The purpose of the script routeswitchbysubnet is to allow, in AWS VPCs, the automatic reassignments of route-targets to healthy gateways, when these gateways are monitored by an ELB. The typical use case is a Check Point vSEC Autoscaling group. By default these gateways are not configured as targets in any routes, and so they're not used for the protection of outbound traffic, except through a proxy. By using this script you'll be able to have the members configured as the default gateways for internet-bound (or other) traffic, and thus protect such traffic flow. The way the script works is to maintain for each protected subnet a route table that points to a healthy gateway in the ASG. As gateways are added or removed, the script will detect it (in about 1 min) and will reassign route tables as necessary to the least used gateway.

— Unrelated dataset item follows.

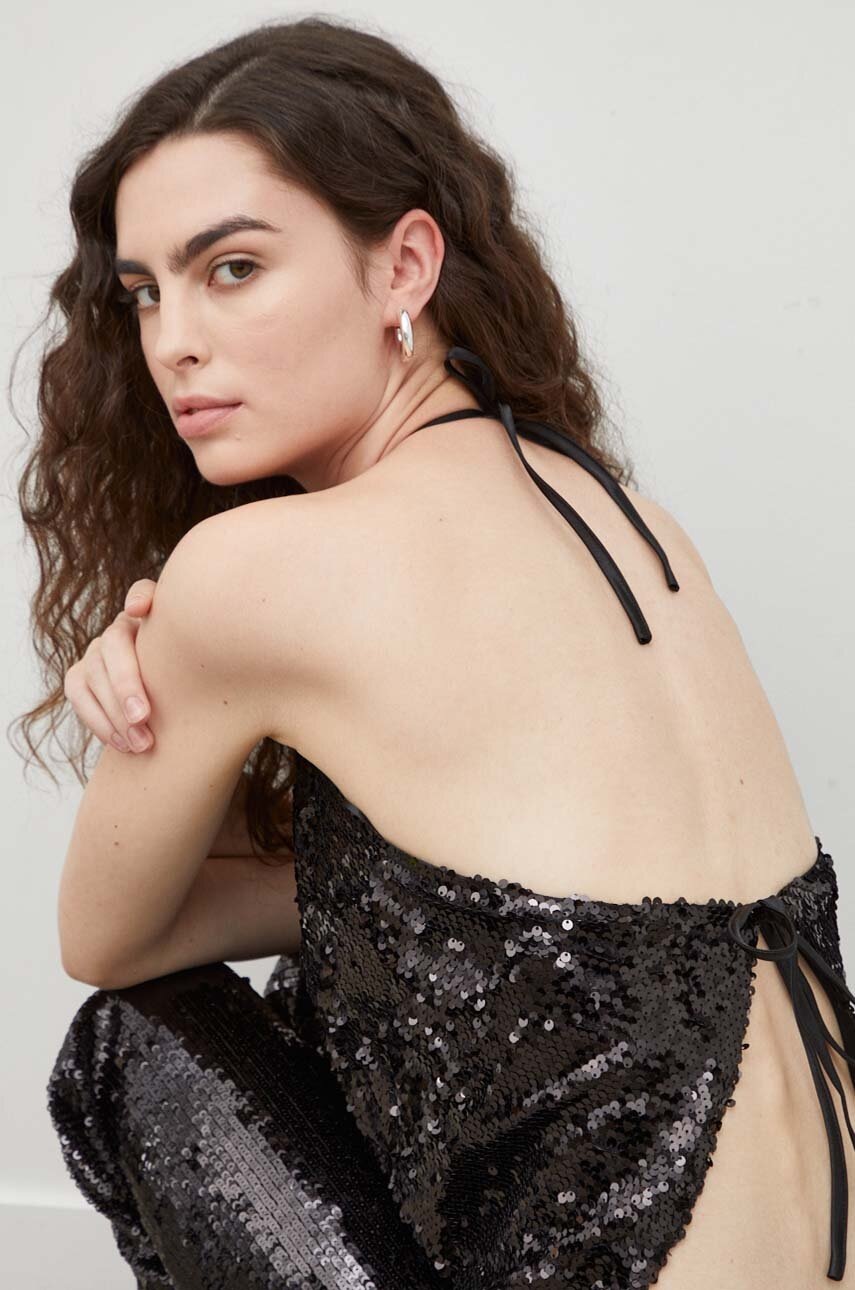 Top Bruuns Bazaar χρώμα: μαύρο φωτογραφία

- Have gateways (e.g., Check Point vSEC gateways) up and running as EC2 instances.
- if the gateways have more than one ENI, make sure that they know to route to the subnets behind them through ethN where N is maximal. E.g., if the gateway has eth0 and eth1, make sure that each of the gateways knows that traffic to each of the protected subnets should be forwarded through eth1
- Set up an ELB to monitor the gateways. (the gateways can be part of an Autoscaling Group or not)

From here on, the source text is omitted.